The Myers-Briggs approach to personality differences is deceptively easy to state. Individuals taking the self-assessment inventory answer questions which produce scores on four dimensions as follows.
1. Extraverted or Introverted?
Is 'hell at a party' not being able to get in? Or being there? Extraverts take their energy from socialising with other people and feel under-energised when alone. Introverts need time alone, and socialising makes them weary. Most people recognise themselves on one side or the other of this divide. This is the E-I scale.
2. Sense-impressions or iNtuition?
Some people deal with the world in a concrete pragmatic way, others grasp situations through a framework of concepts, values or ideals. In the former category are many sports people, administrators, policemen; in the later category intellectuals, conceptual artists, campaigners for a cause. This is the S-N scale.
3. Thinking or Feeling?
Another poor choice of words from the founders. We all know people who are coldly focused on the logic of the situation, who will do what is logical, and take the interpersonal consequences. This applies as much to the logically-focused intellectual as to the results-focused executive and mission-oriented special forces soldier. On the other hand, there are those who put personal relationships first, who are motivated by sustaining the cohesion of the group, making their opponent a friend, or who are driven by a moral imperative to care.
The former score highly on the 'Thinking' side - sometimes the T is read as 'tough-minded'; the latter score highly on the Feeling side, although feeling is not so much raw emotion as a genuine warmth, empathy and an orientation to human values and solidarity. This is the T-F scale. And by the way, men's scores tend to be skewed to T and women's to F, although as a corrective, we have all met women who are probably from Mars, and men who have real warmth and are natural hosts, entertainers or diplomats.
4. Judging or Perceiving
This dimension is the staple of so many comedies, as well as real life dilemmas. One half of the partnership likes everything planned and organised in advance, the other hates lists, loves freedom and just wants to live life as it comes - 'something will always turn up'. This is the J-P scale. The highly-organised folk who want to put a grid over life score strongly J, while those who are transactionally in dialogue with events score highly P.
Putting it all together
Having completed the Myers-Briggs self-assessment questionnaires, your score will position you on each of the above four axes, combining to give a single, four letter code. I for instance score as an INTP.

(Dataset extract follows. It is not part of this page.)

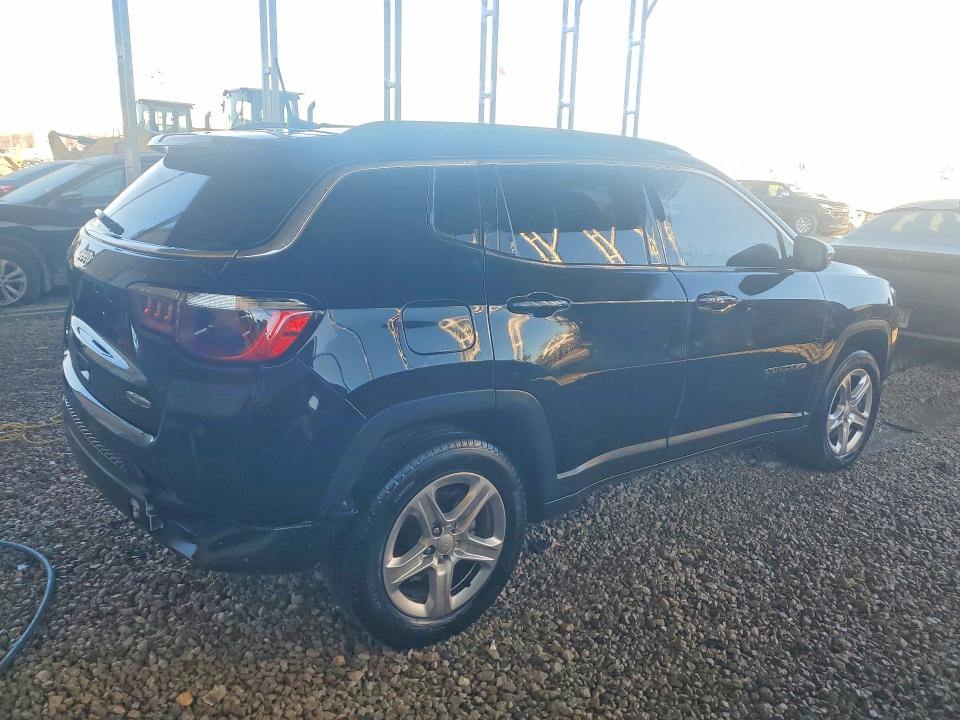 Photo 3 from auction – 2023 JEEP COMPASS with VIN 3C4NJDBN4PT513882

I = Introverted (rather than extraverted)
N = iNtuitive (conceptual rather than concrete)
T = Thinking (logical and systematic rather than values-driven)
P = Perceiving (understand /persuade rather than dominate).
This is a typical profile for a researcher, architect, scientist or strategist. If you enter INTP (or any other Myers-Briggs type) into your favourite search engine, a number of profiles will come up.
I want to emphasise that the theory behind the MBTI is a lot deeper than I have described. For example, the four axes are not really in the same category. The S-N and T-F axes are fundamental, and the E-I and J-P dimensions modify their dominance and orientation.